Regex and backreference to replace in binary file

Hello to all,

I have this sed script that replaces hex strins within a binary file.

As you can see, I want to replace all bytes 4X with 2X (where X could take values 0 to F).

sed -e 's/\x40/\x20/g' -e 's/\x41/\x21/g' -e 's/\x42/\x22/g' -e 's/\x43/\x23/g' -e 's/\x44/\x24/g' -e 's/\x46/\x26/g' -e 's/\x47/\x27/g' file

I would like to know if it is possible to use regex and backreference for this in sed or perl, etc?

I'd like to be able to do something like this, but is not working:

sed -e 's/\x4\(.\)/\x2\1/g' file

Thanks in advance for any help.

If you show input data and expected output it will be helpful for us.

You can try simple loop in Perl:

perl -pe 'for ($i=0;$i<16;$i++){$x=sprintf "%X",$i; s/\x4$x/\x2$x/g}' file

Hello Akshay,

It could be any binary file, an image for example like attached. Only want to replace hex strings with another. In this case the string is only one byte 41 or 42 or 4X... with 21 or 22 or 2X using regex and backreference.

Hello bartus11,

Is not working, when I check with hexdump -C , it seems that actually is removing or deleting bytes.

I'd like to replace more than one hex string, in sed is easy only do multiple replacements using -e 's///g' .. -e 's///g' .. -e 's///g'.

Thanks for the help.

Although some versions of sed may work on binary files, the standards only require sed to work on text files. A simple way that should work on most current systems is to use tr:

LC_ALL=POSIX tr '\100-\117' '\040-\057' <in_file >out_file

Some implementations of the tr utility may accept hex ranges, but the standards only specify octal as shown above. If your current locale has an underlying code set that only has single-byte eight-bit characters (such as ASCII or EBCDIC; but not UTF-8), you can skip the LC_ALL=POSIX.

Note, however, that if your image includes geolocation, timestamp, or camera settings data in addition to the actual image, you might not like the results unless you can extract just the image data you want to be processed.

Hello Don,

Thanks for your help. It seems to work!

Is possible to do multiple replacements for example this to '\220-\233' '\300-\313' and '\100-\117' to '\040-\057' in a single command?

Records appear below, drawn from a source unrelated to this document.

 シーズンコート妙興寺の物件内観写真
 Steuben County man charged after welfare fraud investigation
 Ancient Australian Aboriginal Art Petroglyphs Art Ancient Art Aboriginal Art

is possible to replace an hex string of more than one byte? for example ff4567 with 3A0013

Thanks again.

To do multiple ranges:

LC_ALL=POSIX tr '\100-\117\220-\233' '\040-\057\300-\313'<in_file >out_file

The tr utility translates characters or bytes; not strings or multi-byte sequences, and as I said before, tr isn't required to recognize hex. Look at the man page for tr on your system to determine if your tr utility has additional options or formats that may help you.

Hello Don,

I get it, thanks for your explanation and details. I think I'll need to use sed to replace multi-byte sequences and apply "tr " command to the output as workaround of replace with "regex/backreference", but with octal ranges.

It would be nice to know if with some utility or a unique command both task can be reached.

Thanks again